Required action. In the listing below, please print the line that contains "Oval Direct Mount" and every line that follows it, exactly.

Exercise material.
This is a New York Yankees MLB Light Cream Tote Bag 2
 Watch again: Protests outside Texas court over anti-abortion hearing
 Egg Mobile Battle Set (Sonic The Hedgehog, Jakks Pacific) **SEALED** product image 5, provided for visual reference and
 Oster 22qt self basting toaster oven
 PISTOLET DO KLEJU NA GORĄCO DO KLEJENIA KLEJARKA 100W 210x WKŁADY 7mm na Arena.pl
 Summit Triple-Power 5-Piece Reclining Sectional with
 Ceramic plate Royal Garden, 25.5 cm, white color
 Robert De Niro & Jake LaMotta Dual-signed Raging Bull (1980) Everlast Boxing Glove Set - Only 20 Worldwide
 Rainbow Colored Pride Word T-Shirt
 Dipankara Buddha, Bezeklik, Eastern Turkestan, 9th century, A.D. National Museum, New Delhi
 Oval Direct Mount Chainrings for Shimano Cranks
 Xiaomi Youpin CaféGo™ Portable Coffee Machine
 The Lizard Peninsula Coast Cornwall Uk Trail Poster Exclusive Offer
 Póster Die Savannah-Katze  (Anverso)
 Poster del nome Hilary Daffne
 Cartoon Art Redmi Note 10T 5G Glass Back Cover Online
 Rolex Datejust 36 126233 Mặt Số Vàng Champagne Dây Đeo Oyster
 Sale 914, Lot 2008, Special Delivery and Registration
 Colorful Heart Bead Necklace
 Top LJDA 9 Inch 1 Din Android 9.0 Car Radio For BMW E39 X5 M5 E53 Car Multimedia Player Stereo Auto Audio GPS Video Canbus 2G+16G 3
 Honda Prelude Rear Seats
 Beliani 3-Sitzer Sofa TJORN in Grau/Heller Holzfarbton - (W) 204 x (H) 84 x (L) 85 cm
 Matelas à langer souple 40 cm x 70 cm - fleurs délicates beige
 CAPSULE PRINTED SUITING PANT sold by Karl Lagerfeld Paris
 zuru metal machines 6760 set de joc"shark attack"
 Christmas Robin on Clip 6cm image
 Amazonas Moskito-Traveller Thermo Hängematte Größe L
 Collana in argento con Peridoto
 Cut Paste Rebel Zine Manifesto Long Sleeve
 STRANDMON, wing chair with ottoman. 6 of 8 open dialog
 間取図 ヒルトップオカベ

Task output.
 Oval Direct Mount Chainrings for Shimano Cranks
 Xiaomi Youpin CaféGo™ Portable Coffee Machine
 The Lizard Peninsula Coast Cornwall Uk Trail Poster Exclusive Offer
 Póster Die Savannah-Katze  (Anverso)
 Poster del nome Hilary Daffne
 Cartoon Art Redmi Note 10T 5G Glass Back Cover Online
 Rolex Datejust 36 126233 Mặt Số Vàng Champagne Dây Đeo Oyster
 Sale 914, Lot 2008, Special Delivery and Registration
 Colorful Heart Bead Necklace
 Top LJDA 9 Inch 1 Din Android 9.0 Car Radio For BMW E39 X5 M5 E53 Car Multimedia Player Stereo Auto Audio GPS Video Canbus 2G+16G 3
 Honda Prelude Rear Seats
 Beliani 3-Sitzer Sofa TJORN in Grau/Heller Holzfarbton - (W) 204 x (H) 84 x (L) 85 cm
 Matelas à langer souple 40 cm x 70 cm - fleurs délicates beige
 CAPSULE PRINTED SUITING PANT sold by Karl Lagerfeld Paris
 zuru metal machines 6760 set de joc"shark attack"
 Christmas Robin on Clip 6cm image
 Amazonas Moskito-Traveller Thermo Hängematte Größe L
 Collana in argento con Peridoto
 Cut Paste Rebel Zine Manifesto Long Sleeve
 STRANDMON, wing chair with ottoman. 6 of 8 open dialog
 間取図 ヒルトップオカベ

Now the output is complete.